È vero che l’"inganno che fa ridere" è generalmente noto agli etnologi e agli storici delle religioni come una prerogativa del Trickster, della figura divina dell’imbroglione, e non dello stregone o comunque dell’istruttore. Ma è anche vero che nelle esperienze esoteriche affrontate da Castaneda, e negli stessi discorsi del suo istruttore, non si impongono mai figure mitologico-divine organiche, dotate della pienezza, diremmo quasi della tridimensionalità, dei grandi protagonisti delle narrazioni mitologiche. Nel mondo degli stregoni cui Castaneda cerca di avere accesso, la mitologia sembra essersi impoverita o comunque rarefatta fino a comporsi in frammenti spettrali, oggetti di esperienze visionarie in cui ciò che conta è innanzitutto il "vedere", non l’oggetto della visione. Perfino le farfalle notturne, che acquistano una netta evidenza mitologica (e qui è probabilmente opportuno ricordare il loro valore in numerose tradizioni mitologiche delle popolazioni americane), sono però sottoposte a un processo di analisi concettuale e, in ultima istanza, di svalorizzazione: esse non sono il "sapere", ma soltanto gli animali che recano il "sapere" – come polvere d’oro scuro sulle loro ali –, i "messaggeri" o i "custodi" dell’eternità, non l’eternità stessa. Sembra essersi compiuta, cioè, una separazione (antimitologica!) fra immagine mitologica e funzione o contenuto di essa: separazione che è tipica, fra l’altro, di certe indagini della scienza della mitologia maturata in Occidente, e che è legata al prevalere di una volontà di spiegare anziché di accettare la mitologia.
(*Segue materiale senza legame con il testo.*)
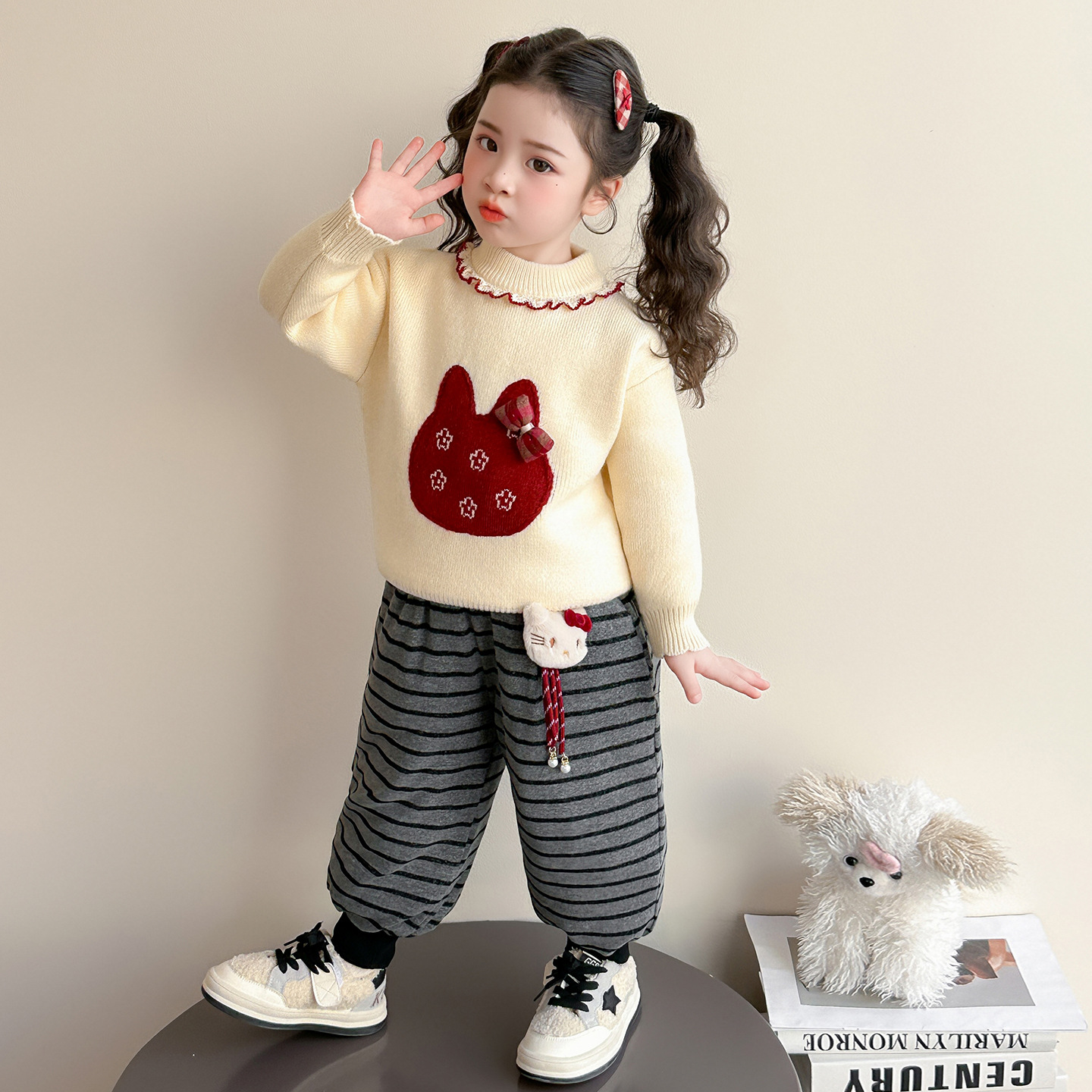 女童加绒针织毛衣套装冬季2025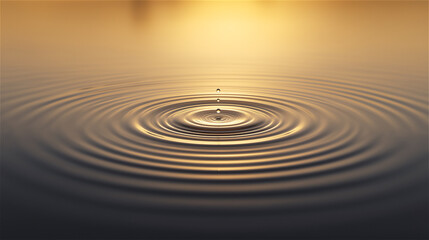 Fototapeta premium Golden water surface with circular ripples and sunlight reflection, symbolizing peace, calmness and natural beauty.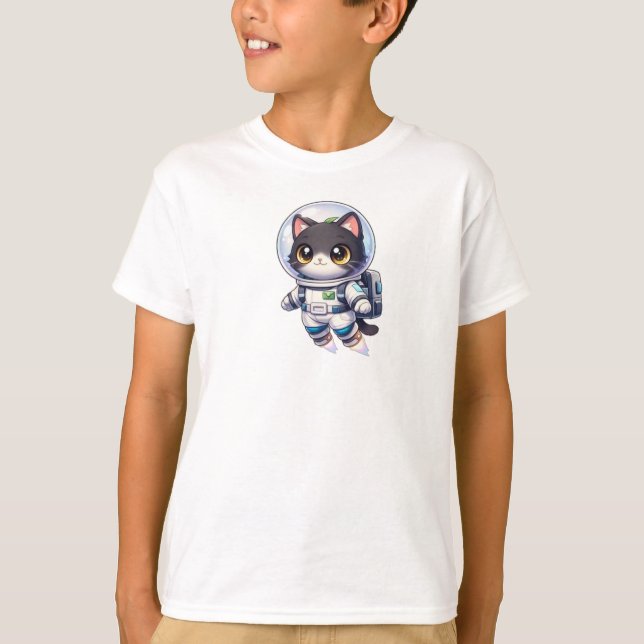 T-shirt Kawaii Astronaut Cat Cartoon – Cute Space Kitty (Devant)
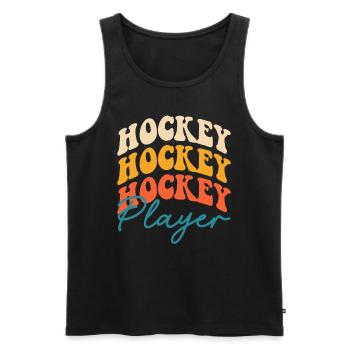 Hockey - Débardeur bio Premium Homme - noir - Devant - AI Model Male 178 light (178cm)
Con questo non vogliamo dire che Don Juan, lo stregone indio, assuma di fronte alla mitologia lo stesso atteggiamento dei seguaci di Wilamowitz e del "metodo storico". Egli parla, sì, di una "spiegazione degli stregoni", ma aggiunge subito che «La spiegazione non è ciò che voi [Castaneda] chiamereste una spiegazione; ciò nonostante essa rende il mondo e i suoi misteri, se non chiari, meno terribili». Ma proprio queste ultime parole, che attribuiscono alla "spiegazione degli stregoni", al frutto immediato del loro "sapere", la funzione utilitaria di rendere «il mondo e i suoi misteri [...] meno terribili», rivelano la bassa gradazione mitologica dell’esoterismo di Don Juan e armonizzano con l’assenza in esso di figure mitologiche plastiche e dominanti, afunzionali, le quali siano l’eternità, non i suoi messaggeri o custodi.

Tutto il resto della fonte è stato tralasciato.